Given everything that has happened over the course of the past couple of months, there has been renewed talk around the subjects of police and prisons, and the sustainability/necessity of these institutions. While these much-needed conversations are taking place, there has, understandably, been skepticism about what abolition of these institutions would look like and how it would work. Even I have had a little difficulty imagining a world without some of these institutions, because they’re so prevalent. So human rights lawyer Derecka Purnell’s essay, “How I Became a Police Abolitionist”, came at a pretty convenient time. In it, Purnell details the rough, violent environment she grew up in and her community’s over-reliance on 911 calls, despite the fact that “Police couldn’t do what we really needed. They could not heal relationships or provide jobs.” After she was initially put off by the “utopic” idea of abolishing prisons, having lived in a community filled with violence, Purnell was introduced to abolitionist frameworks that focused on “eliminating the reasons people think they need cops and prisons in the first place.”

She expands on the ways in which the current system fails its constituents and the different ways in which we can invest in initiatives and institutions that help deter crime at the source. Most importantly, Purnell challenges the readers to understand that right now there is no clear-cut, linear path — a better future will require risk and experimentation and bravery to take a first step. Overall I found this to be a really interesting essay that help broaden my thinking on these issues.

Link: https://www.theatlantic.com/ideas/archive/2020/07/how-i-became-police-abolitionist/613540/


Chelsea Oware – “How Does A Historical Understanding of the Impact of Colonialism Help Us to Understand Contemporary Gender Relations in Postcolonial States?”

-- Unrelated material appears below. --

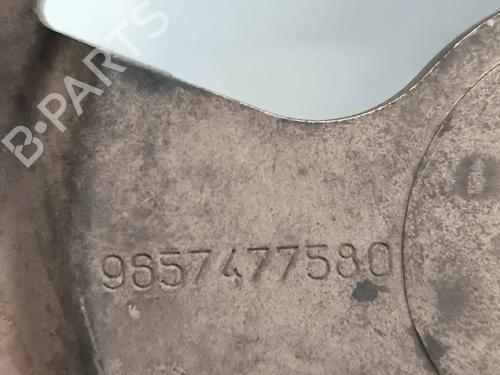 Pulley FORD FOCUS II (DA_, HCP, DP) 1.6 TDCi | BP36410622M122 - Image 4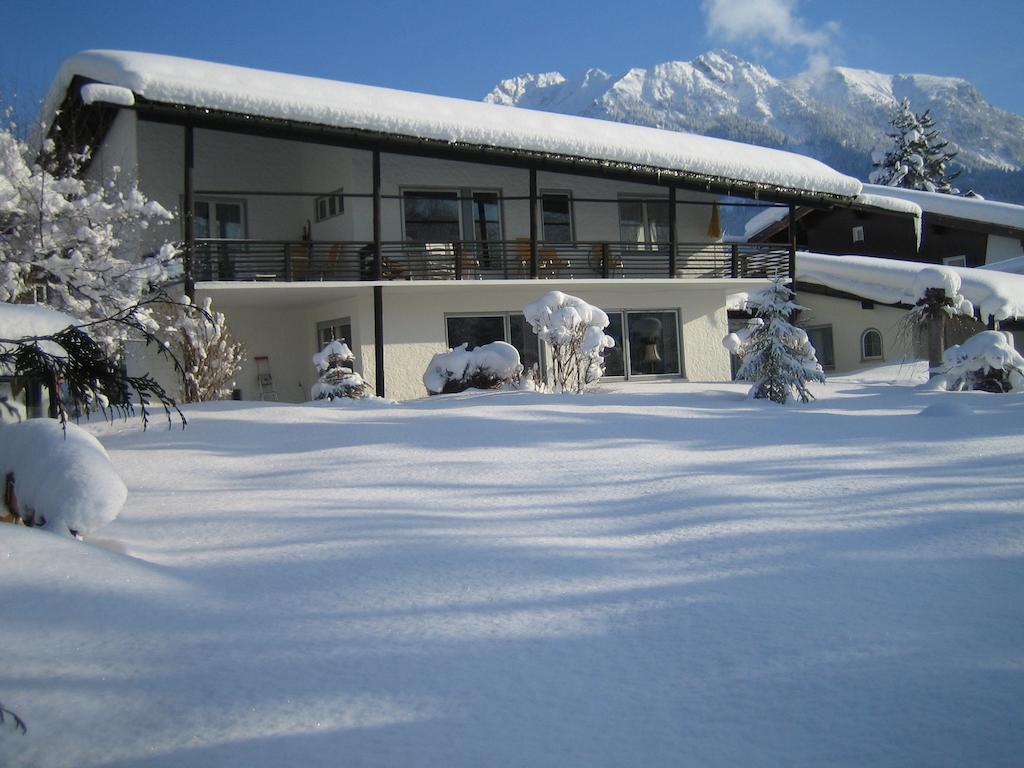 Ferienhaus Geiger Oberstdorf Eksteriør billede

I figured I’d include this since I enjoyed reading it: so this is an academic paper that I found because it was retweeted onto my timeline, written by a university student named Chelsea Oware for what appears to be a Gender and Development course. The topic looked pretty interesting, and I actually enjoy reading research like this that deals with sociology, so I decided to give it a read. Oware researches her hypotheses about how British colonialism affected Africa by observing how it transformed the social and political gender norms of the Ashanti tribe of Ghana 🇬🇭 and the Igbo tribe of Nigeria 🇳🇬. She takes a look at the levels of power and influence women in these tribes had before the British came, and then observes the ways in which Britain’s introduction of Victorian gender dynamics ended up undermining African women’s social/political independence. Maybe I’m just a nerd for this kind of stuff 😅 but this ended up being one of my favorite things that I’ve read this month (so far). I’m not totally sure how copyright/ethics will work in this case so I won’t post a link, but I will link the writer’s Twitter: https://twitter.com/cloudchels

Published by Bryan-O

Nigerian-American | Dallas, TX

3 thoughts on “Reading Roundup: Essays from Audre Lorde, Chimamanda Ngozi Adichie, and more

  1. These all sound like good reads! Especially the last one. You’re right that Chimamanda’s essays are very introductory. I find they are more useful for people who are new to (or skeptical about) the concept of feminism. Thanks for sharing!